This illustration
shows the configuration for conducting neurocognitive assessments for the
Neuromapping study aboard the International
Space Station. Credits: NASA
(October 10, 2015) In
space, there is no “up” or “down.” That can mess with the human brain and
affect the way people move and think in space. An investigation on the
International Space Station seeks to understand how the brain changes in space
and ways to deal with those changes.
Previous research and first-hand reports suggest that humans
have a harder time controlling physical movement and completing mental tasks in
microgravity. Astronauts have experienced problems with balance and perceptual
illusions – feeling as if, for example, they are switching back and forth
between right-side-up and upside down.
The Spaceflight Effects on Neurocognitive Performance:
Extent, Longevity, and Neural Bases (NeuroMapping) study is examining changes
in both brain structure and function and determining how long it takes to
recover after returning from space.
Researchers are using both behavioral assessments and brain
imaging. Astronauts complete timed obstacle courses and tests of their spatial
memory, or the ability to mentally picture and manipulate a three-dimensional
shape, before and after spaceflight. The spatial memory test also is performed
aboard the station, along with sensory motor adaptation tests and computerized
exercises requiring them to move and think simultaneously. Astronauts are
tested shortly after arriving aboard the station, mid-way through and near the
end of a six-month flight.
Structural and functional magnetic resonance imaging (MRI)

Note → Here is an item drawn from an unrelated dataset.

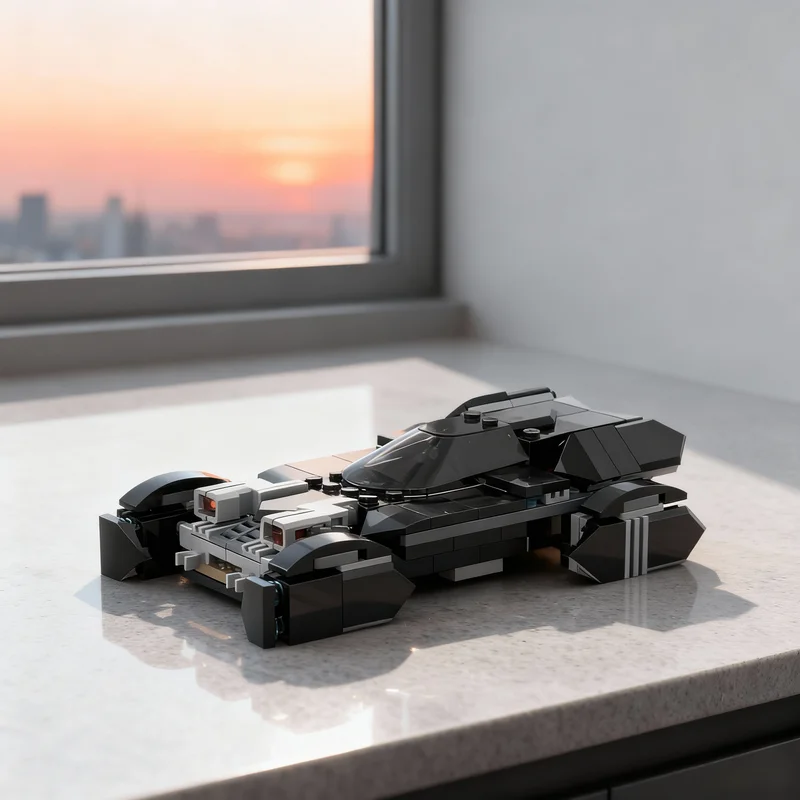 

170pcs MOC Batmobile Alternate Build Super Heroes DCD Batmansed Model Building Blocks Creative DIY Gift Display Decor Assemble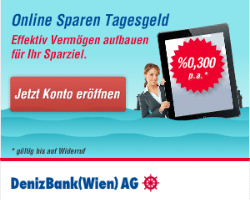 Bild von Online Sparen Tagesgeld: Profitiere von attraktiven Zinsen in Höhe von 0,30% + Geld ist täglich verfügbar + kostenlose Kontoführung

scans of the brain are done pre-flight and post-flight.
head-down tilt bed
rest. The Neuromapping Flight Study examines whether similar changes occur
with spaceflight. Credits: University of
Michigan
“We are looking at the volume of different structures in the
brain and whether they change in size or shape during spaceflight,” said
principal investigator Rachael D. Seidler, director of the University of
Michigan’s Neuromotor Behavior Laboratory.
Functional MRIs involve astronauts completing a task during
the imaging, which will show researchers which parts of the brain they rely on
to do so.
According to Seidler, both the behavioral assessment and
brain imaging are important to help identify the relationship between physical
changes in the brain and those in behavior.
“On Earth, your vestibular - or balance - system tells you
how your head moves relative to gravity, but in space, the gravity reference is
gone,” Seidler said. “That causes these perceptual illusions, as well as
difficulty coordinating movement of the eyes and head.”